2013年4月にダッカ近郊で起きた、縫製工場が入居する8階建てのビルが崩壊する事故。その事故を受けて登場したのが「ファイアファイター」とよばれる消防隊メンバーだ。赤いジャケットを身につけた工員は、工場内で火災が発生したら縫製作業を止めてすぐに消火活動を行うという。
また、ビル管理における対策も設けられた。バングラデシュの首都ダッカ郊外。地元の中堅縫製会社インプレッシブ・グループが、昨年7月に稼働した第6工場は「従業員の安全が最優先」との理念のもとに造られた。6階建ての同工場にはフロアごとに3つの非常口があり、扉の外には消防用ホースやヘルメット、担架を常備。工場内ではあらゆる配線が発火を防ぐ金属製のケースに収まる。
アパレル大手は工員の悪質な労働実態から目を背けながら利益をあげていた。だが、H&Mや「ZARA」を展開するスペインのインディックスなど世界大手の動きは早かった。13年7月には欧州系70社が通称アコードと呼ぶ「防火・建設安全協定」を締結。バングラデシュの委託工場の安全性や労働環境を監査し、改善を促す計画を立てた。

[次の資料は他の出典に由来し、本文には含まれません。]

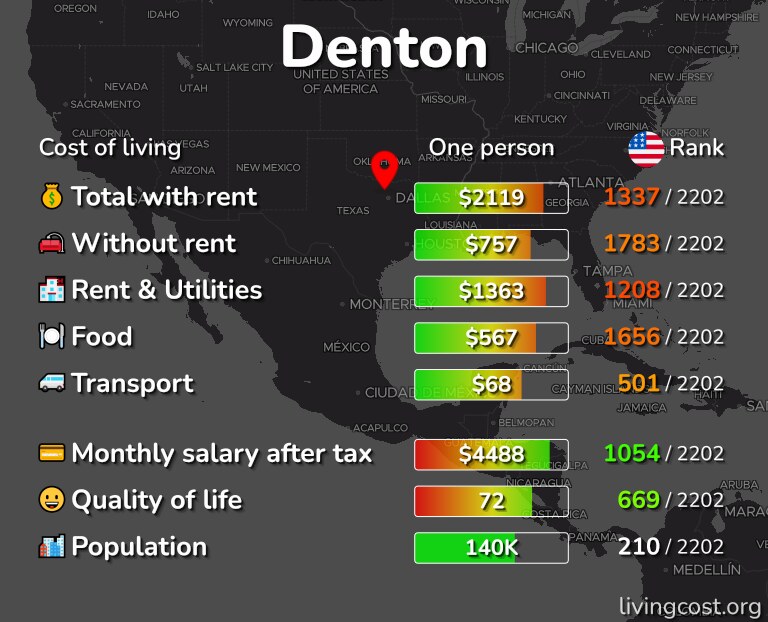 Cost of living in Denton infographic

インプレッシブ・グループが万全の対策を施したのも、取引先のアパレル大手からの要請があったから。環境が改善しない工場に対してはアパレル大手から受注できなくなる恐れもある。
また、ファーストリテイリング傘下のユニクロでは独自の安全対策を打ち出している。昨年9月からバングラデシュの取引先工場に勤務する2万人の女声工員を対象に栄養管理や感染症対策など健康・衛生に関する始動に乗り出した。家計簿の付け方など生活支援にも力を注ぎ従業員の生活の質の向上に取り組む。
こうした取り組みはアパレル各社にもメリットが有る。「働く先として良い会社であるという評判は、購買層へのブランド形成にも大きく影響する。」と、デトロイトトーマツコンサルティングの坂田省悟シニアマネージャーは指摘する。良好な労働環境を整えて従業員の定着率が高まれば、品質や生産性の向上にもつながる。